Energy drinks are a multi-billion dollar a year business. Now there are more selections beyond Red Bull and Monster. Some energy drinks even claim to offer a healthy energy boost. Cruise the aisles at Naperville’s Whole Foods, and you’ll see plenty of choices of energy beverages. The best sellers are Guayaki Yerba Mate, Sambazon-Amazon Energy, and Blue Sky Energy Drinks. “Whole Foods Market shoppers love the idea that there are no artificial flavors, colors, preservatives, or high fructose corn syrup in our energy drinks,” said Jessica Bringas, registered Dietitian and eating healthy specialist at Whole Foods. “These beverages do more than give people a boost. For example, beverages from Guayaki are not energy drinks in the traditional sense; they contain naturally occurring caffeine from a type of leaf called Yerbe Mate. In addition to boosting energy, Yerbe Mate is packed with a variety of vitamins, minerals, and antioxidants,” said Bringas. “With no hidden ingredients, our shoppers know exactly what they’re sipping.”

Key Ingredients

But experts warn that you still have to keep an eye on sugar and caffeine levels. “Keep in mind that ‘natural’ and ‘healthy’ have very loose, if no legal definition, so almost any product can make those claims. Some beverages state they are natural because they do not use GMO’s, are gluten free, or vegan. But almost all energy drinks are gluten free and vegan,” said Havala. Many of the ‘natural’ drinks use green and black tea as their caffeine source. The drinks also typically contain added vitamins and herbs such as ginseng but do not always contain added amino acids like taurine.

A ‘Natural’ Energy Boost

If all the energy drink choices and ingredients have you confused, there might be a healthier way to get your much needed energy boost. “One of the biggest things Americans need to do is get more sleep. Adults need 7-8 hours of sleep per night and teens need 8-9 hours. Diet also plays a big role in your energy level,” said Havala.

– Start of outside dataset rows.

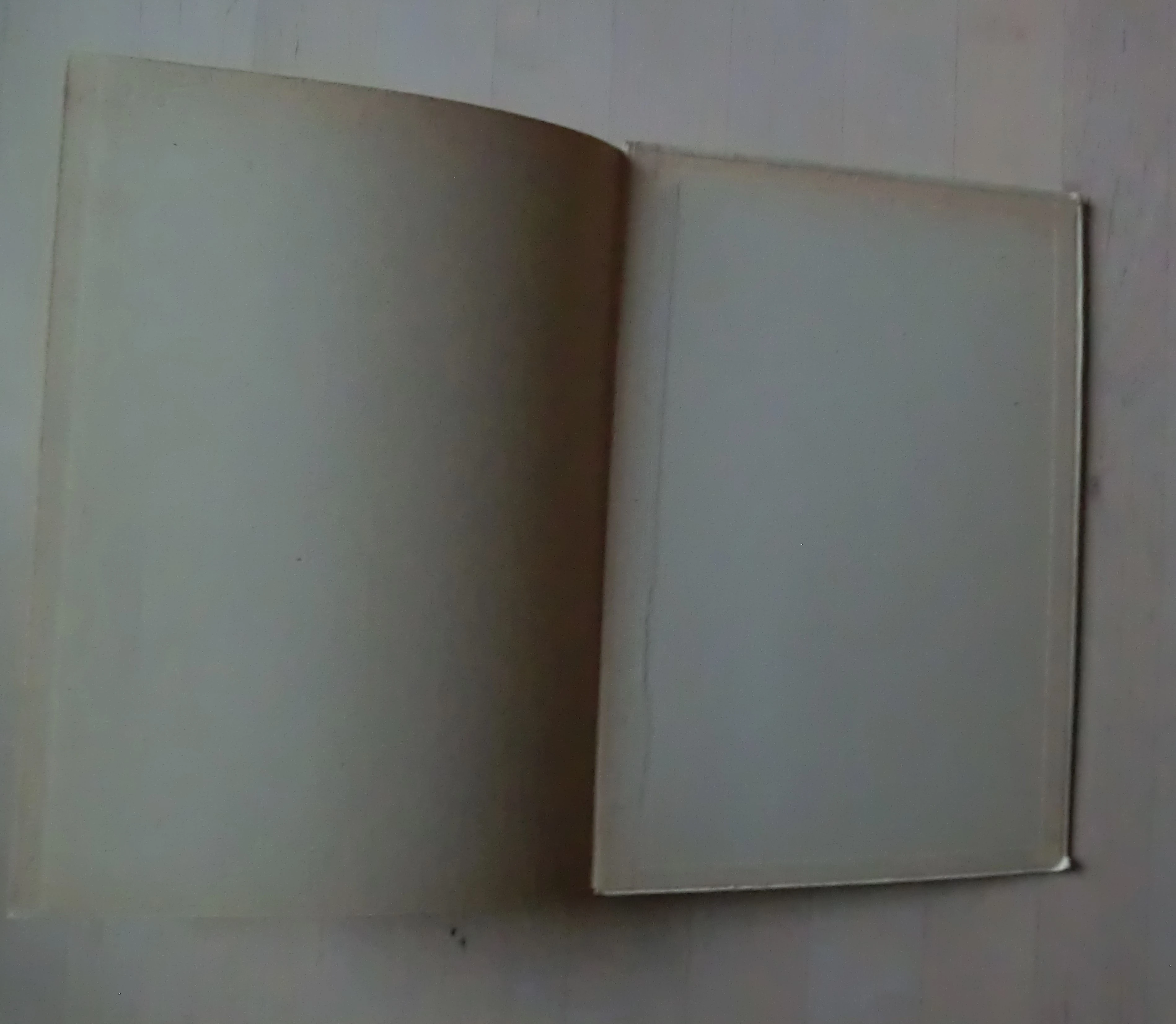 keine Beschreibung vorhanden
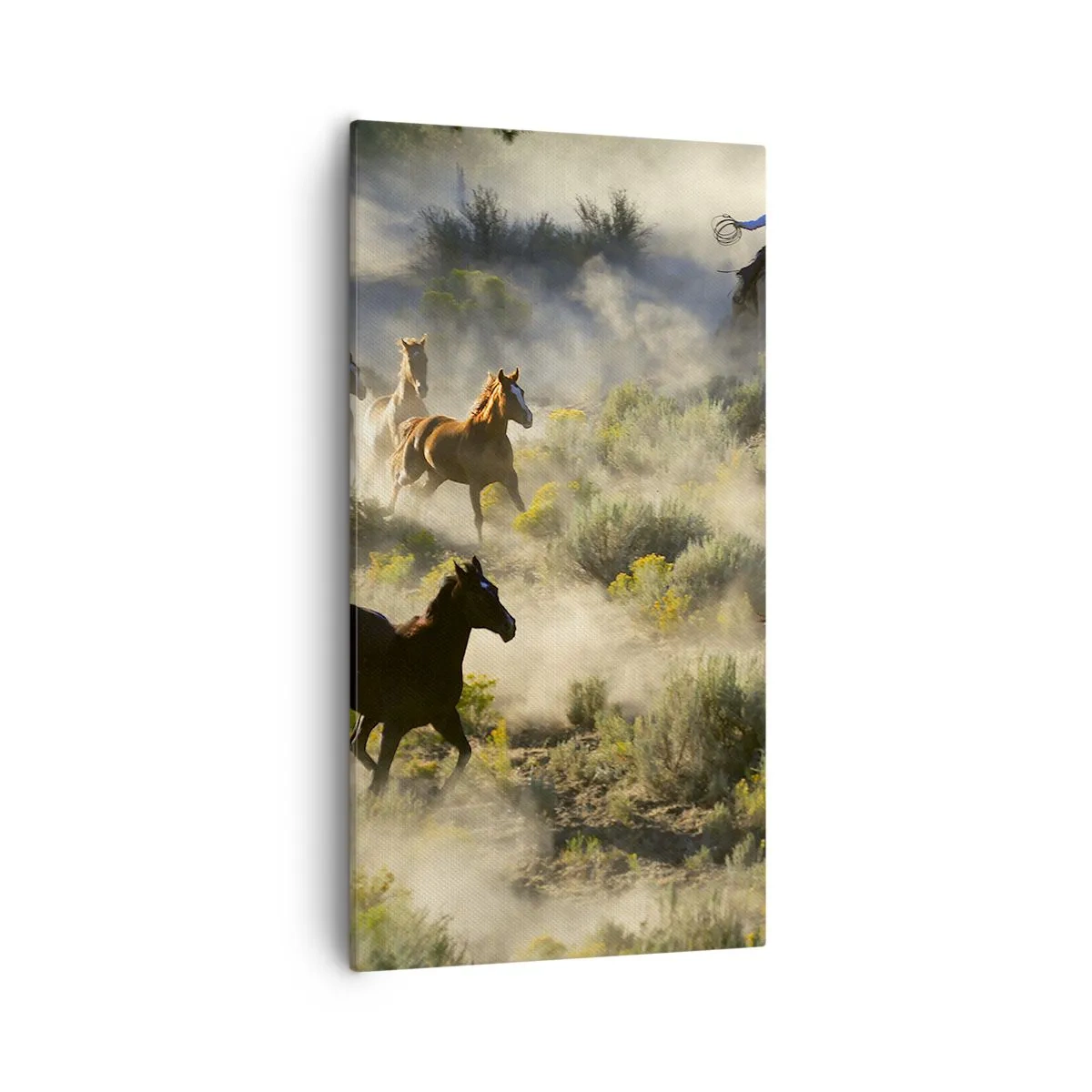 Obraz na plátně - Rivalita - svoboda nebo mužská síla? - 55x100 cm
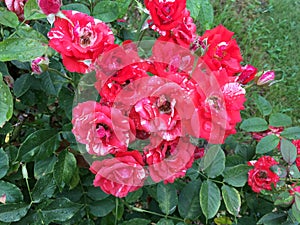 Red roses after summer rain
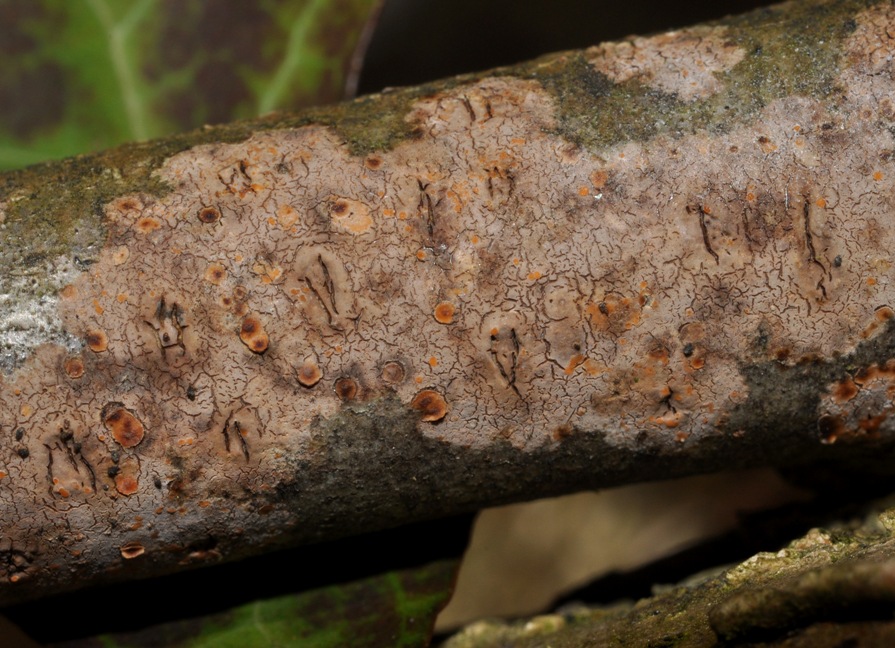 crosta su legno morto: fungo o lichene?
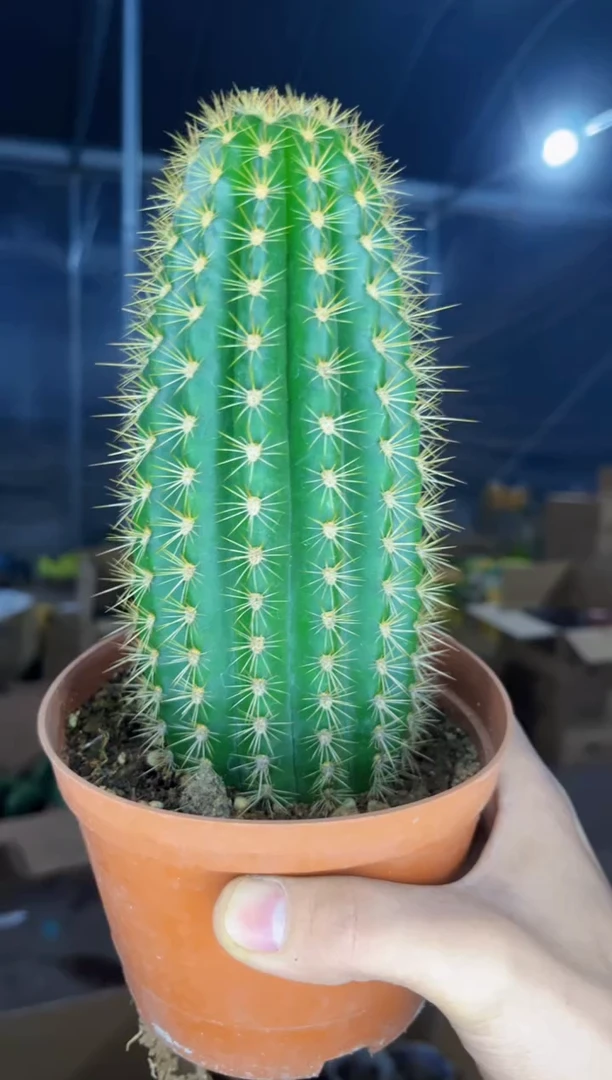 【闪购商品】大飞碟 毛花柱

If you’re craving a caffeine kick, expert say you might be better off sticking with a good old fashioned cup of Joe. “Definitely! Drinking coffee has been shown to decrease the risk of Parkinson’s Disease, Type 2 diabetes, liver disease (including liver cancer), decrease depression, and overall mortality,” said Havala.

Experts say the best advice is to read labels and carefully monitor your caffeine levels.